We can do a lot here to bypass the check.

1. We can patch the cmp rax, 0xffffffffffffffff instruction to be cmp rax, 0, which would effectively bypass the branch from ever being taken, because rax would no longer equal 0xffffffffffffffff.
2. We could also patch the call ptrace instruction to a nop, bypassing the syscall.
3. We could also modify the rax register after the ptrace call by inserting an instruction like mov rax, 0x0, resulting in a successful ptrace call.
4. We could also replace the jump instruction with a nop instruction.

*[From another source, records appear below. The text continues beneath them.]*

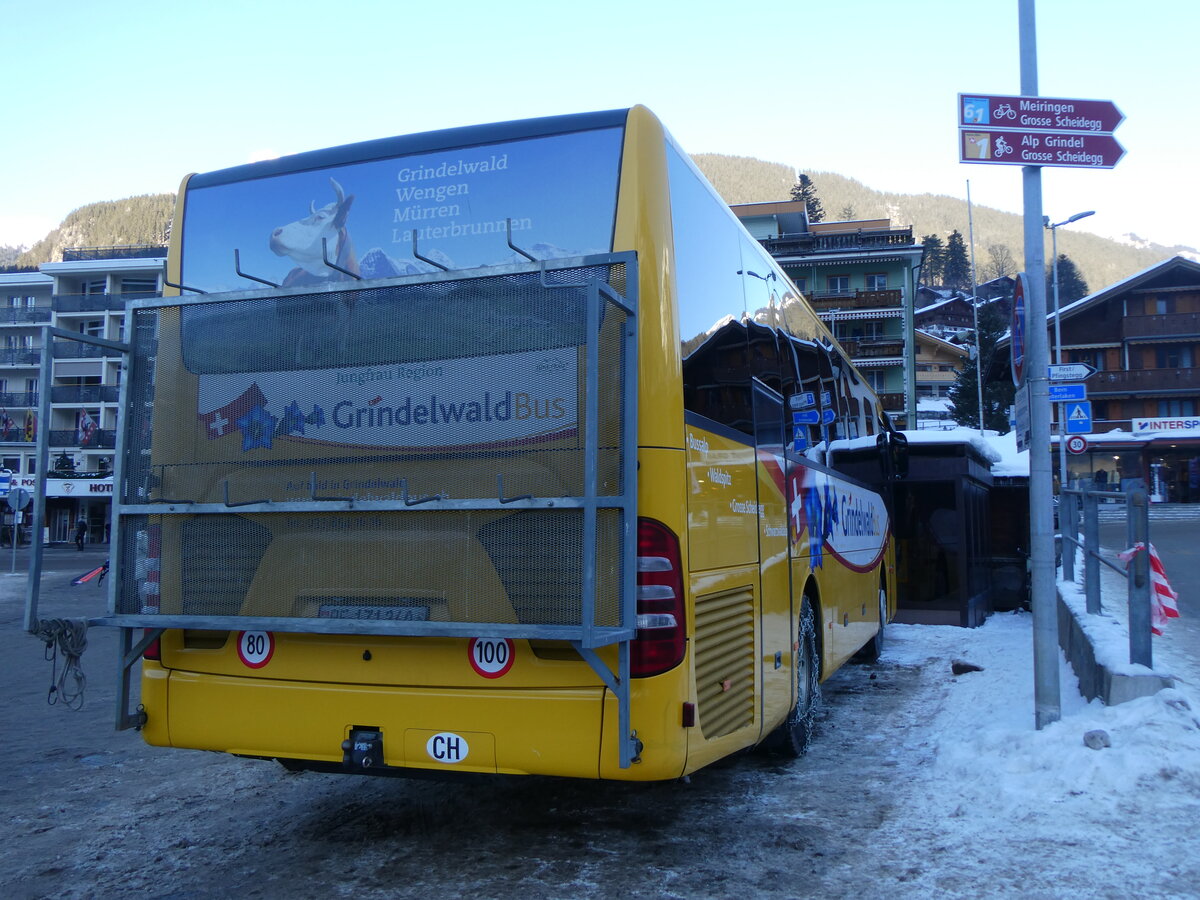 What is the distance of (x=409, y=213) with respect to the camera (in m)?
5.11

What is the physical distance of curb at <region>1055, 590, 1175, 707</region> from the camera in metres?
5.96

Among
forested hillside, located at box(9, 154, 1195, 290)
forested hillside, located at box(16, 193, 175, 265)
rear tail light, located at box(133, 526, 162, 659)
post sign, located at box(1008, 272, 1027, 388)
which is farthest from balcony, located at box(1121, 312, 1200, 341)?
forested hillside, located at box(16, 193, 175, 265)

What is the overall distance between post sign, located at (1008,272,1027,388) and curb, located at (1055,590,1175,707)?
193 centimetres

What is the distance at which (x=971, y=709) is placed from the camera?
8.12 m

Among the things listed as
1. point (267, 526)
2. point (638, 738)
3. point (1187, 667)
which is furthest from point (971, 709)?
point (267, 526)

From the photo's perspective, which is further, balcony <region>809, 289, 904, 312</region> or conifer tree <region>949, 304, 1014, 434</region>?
conifer tree <region>949, 304, 1014, 434</region>

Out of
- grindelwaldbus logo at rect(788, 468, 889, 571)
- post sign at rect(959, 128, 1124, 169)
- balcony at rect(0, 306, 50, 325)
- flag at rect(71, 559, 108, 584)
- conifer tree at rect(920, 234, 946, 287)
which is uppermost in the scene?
conifer tree at rect(920, 234, 946, 287)

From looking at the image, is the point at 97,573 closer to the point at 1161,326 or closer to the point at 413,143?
the point at 413,143

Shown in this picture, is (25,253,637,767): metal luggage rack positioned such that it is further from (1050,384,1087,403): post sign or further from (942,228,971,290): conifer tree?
(942,228,971,290): conifer tree

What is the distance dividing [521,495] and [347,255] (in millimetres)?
1635

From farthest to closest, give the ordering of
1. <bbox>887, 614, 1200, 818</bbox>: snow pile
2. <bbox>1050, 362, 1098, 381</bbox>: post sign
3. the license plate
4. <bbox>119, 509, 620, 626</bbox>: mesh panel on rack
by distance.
A: 1. <bbox>1050, 362, 1098, 381</bbox>: post sign
2. <bbox>887, 614, 1200, 818</bbox>: snow pile
3. the license plate
4. <bbox>119, 509, 620, 626</bbox>: mesh panel on rack

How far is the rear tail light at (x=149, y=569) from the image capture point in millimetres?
5070

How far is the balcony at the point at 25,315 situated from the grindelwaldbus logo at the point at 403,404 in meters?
73.3

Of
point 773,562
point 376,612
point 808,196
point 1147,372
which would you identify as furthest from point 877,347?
point 376,612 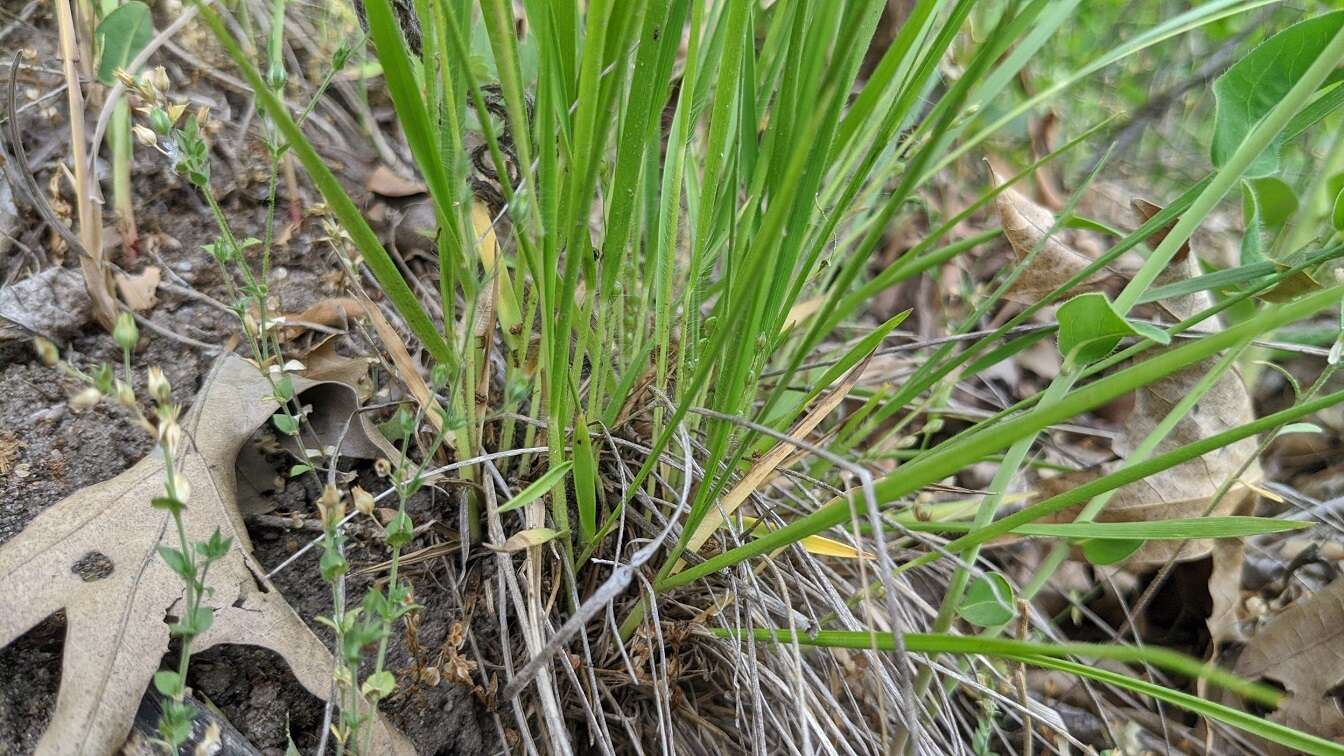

Anyways, I modified the file. Now, we can use ltrace and the flag will be used in the strlen instruction.

Easy Path to the Grail

Reversing bit orders and hex encodings.

Brave knight, your quest is simple yet essential—unlock the secrets hidden in this binary challenge and tread the path to the grail. The journey will test your wits as you reverse the provided binary, uncovering the treasure within.

Again, we’re given a binary file.

This one isn’t packed with UPX, but they also haven’t stripped many of the symbols. This is nice!

Step 1. The Binary

Going through the main() function, I rename variables based on behaviour, and get a better understanding of what’s going on.

It seems that we’re taking the user input, running teh tranform_input() function on it, and then comparing the output to D2C22A62DEA62CCE9EFA0ECC86CE9AFA4ECC6EFAC6162C3636CC76E6A6BE.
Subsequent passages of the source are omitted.